Singles from Step by Step
- "Kaze ni Fukarete" Released: October 10, 1993; "Kibun Sōkai" Released: January 31, 1994; "Natsu no Hi" Released: May 10, 1994; "Suteki na Tanjōbi"/"Watashi no Daiji na Hito" Released: October 10, 1994;

Alternative cover
- Limited edition inner cover

= Step by Step (Chisato Moritaka album) =

Step by Step (ステップ バイ ステップ, Suteppu bai Suteppu) is the ninth studio album by the Japanese singer/songwriter Chisato Moritaka, released on July 25, 1994. This was Moritaka's first album under One Up Music. The album includes the song "Kaze ni Fukarete", which became her first No. 1 hit on the Oricon singles chart. Step by Step is Moritaka's first album in to include a cover version of a Beatles song. A limited edition release included a 32-page photo book.

Before the album's release, Moritaka was forced to stop touring after she suffered a temporomandibular joint dysfunction in spring 1994. She did not tour or release another studio album until 1996.

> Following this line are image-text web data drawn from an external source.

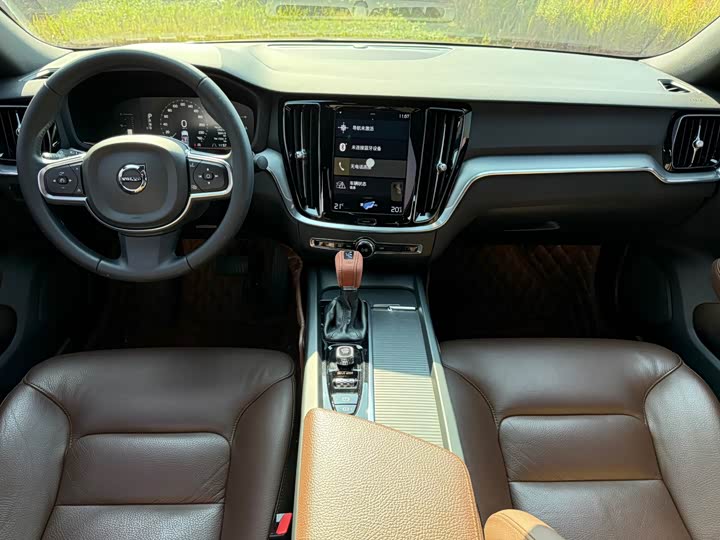 Фото 9 - Volvo S60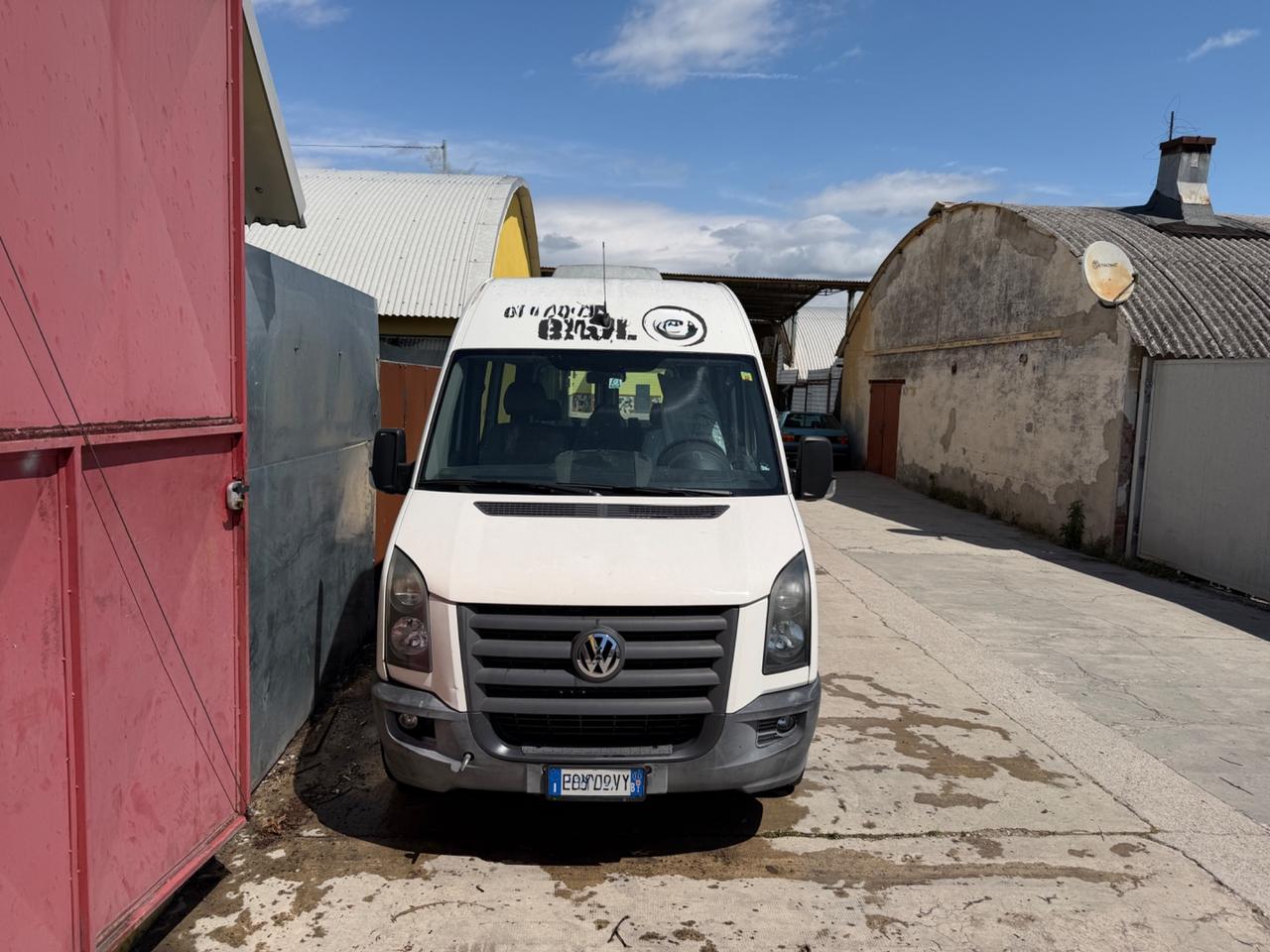 Volkswagen Crafter 9 posti con clima - 2011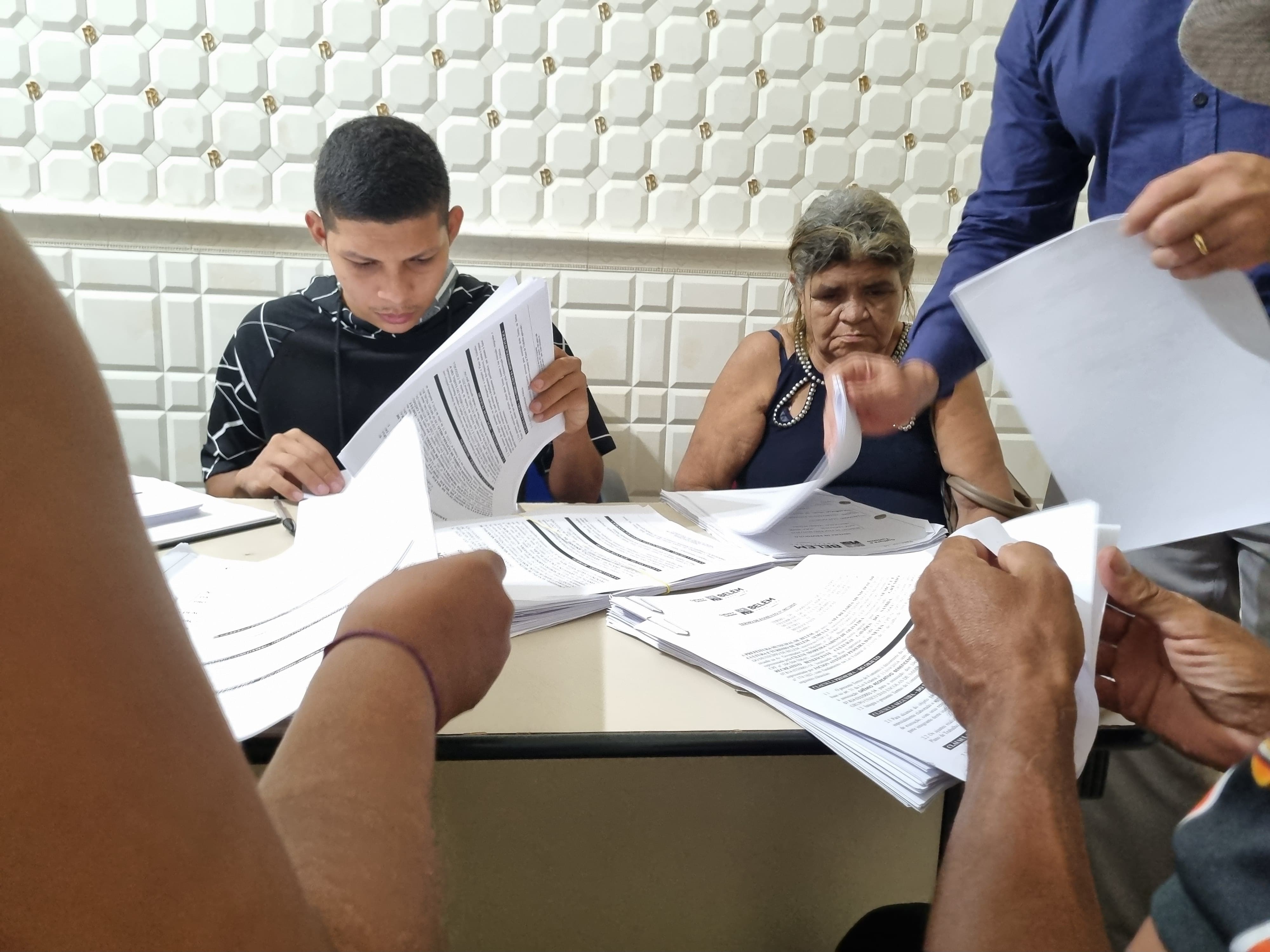 Prefeitura inicia repasse das subvenções às escolas de samba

The album reached No. 3 on Oricon's albums chart and sold over 573,000 copies. It was certified Platinum by the RIAJ.

== Track listing ==

| No. | Title | Lyrics | Music | Arrangement | Length |
|---|---|---|---|---|---|
| 1. | "Kibun Sōkai (Album Version)" ((気分爽快; "Refreshing")) |  | Kenichi Kurosawa | Yuichi Takahashi | 3:56 |
| 2. | "Wakasa no Hiketsu" ((若さの秘訣; "The Secret of Youth")) |  | Moritaka | Moritaka | 3:37 |
| 3. | "Zuru Yasumi" ((ずる休み; "Playing Hooky")) |  | Hiromasa Ijichi | Takahashi | 3:40 |
| 4. | "Otoko nara" ((男なら; "If a Man")) |  | Hideo Saitō | Saitō | 2:31 |
| 5. | "Natsu no Hi" ((夏の日; "Summer Day")) |  | Saitō | Saitō | 3:42 |
| 6. | "Everybody's Got Something to Hide Except Me and My Monkey" | Lennon–McCartney | Lennon–McCartney | Moritaka | 2:25 |
| 7. | "Torikago" ((鳥かご; "Birdcage")) |  | Yasuaki Maejima | Maejima; Takahashi; | 3:55 |
| 8. | "Hoshi no Ōjisama" ((星の王子様; "The Star Prince")) |  | Maejima | Maejima | 3:09 |
| 9. | "Watashi no Daiji na Hito" ((私の大事な人; "My Important Person")) |  | Moritaka | Maejima | 3:08 |
| 10. | "Ichido Asobi ni Kite yo" ((一度遊びに来てよ; "Come Out and Play")) |  | Saitō | Saitō | 5:22 |
| 11. | "Office-gai no Koi" (Ofisu-gai no Koi (オフィス街の恋; "Love in the Office")) |  | Takahashi | Takahashi | 3:38 |
| 12. | "Taifū" ((台風; "Typhoon")) |  | Ijichi | Takahashi | 4:48 |
| 13. | "Kaze ni Fukarete" ((風に吹かれて; "Blowing in the Wind")) |  | Saitō | Saitō | 4:47 |
| 14. | "Step by Step ~Kare no Jinsei~" (Suteppu bai Suteppu ~Kare no Jinsei~ (STEP BY STEP～彼の人生～; "Step by Step ~His Life~")) |  | Takahashi | Takahashi | 4:46 |
| Total length: |  |  |  |  | 53:31 |

== Personnel ==
- Chisato Moritaka – vocals, drums (all tracks), rhythm guitar (2), piano (2–3, 12)
- Yuichi Takahashi – guitar, backing vocals (1–3, 5–7, 11–13, 15), synthesizer (2, 11, 15), bass synthesizer (3)
- Hiroyoshi Matsuo – guitar (1, 3, 7, 12–13)
- Yuko Nōji – guitar (2)
- Hideo Saitō – guitar, bass, keyboards, synthesizer, backing vocals (4–5, 10, 13), sitar (4), tambourine (5, 10, 13)
- Eiji Ogata – guitar (12)
- Jun Takahashi – guitar (13)
- Yasuaki Maejima – piano (2, 7–11), synthesizer (7–9), electric piano (8)
- Masafumi Yokoyama – bass (1)
- Yukio Seto – bass (2, 5, 7, 11–12, 15), guitar (8, 11), synthesizer (12)
- Seiji Ishikawa – cowbell (5)
- Hiyoshimaru – percussion (12)

== Charts ==

| Chart (1994) | Peak position |
|---|---|
| Japanese Albums (Oricon) | 3 |

== Certification ==

| Region | Certification | Certified units/sales |
| Japan (RIAJ) | Platinum | 400,000^{^} |
^{^} Shipments figures based on certification alone.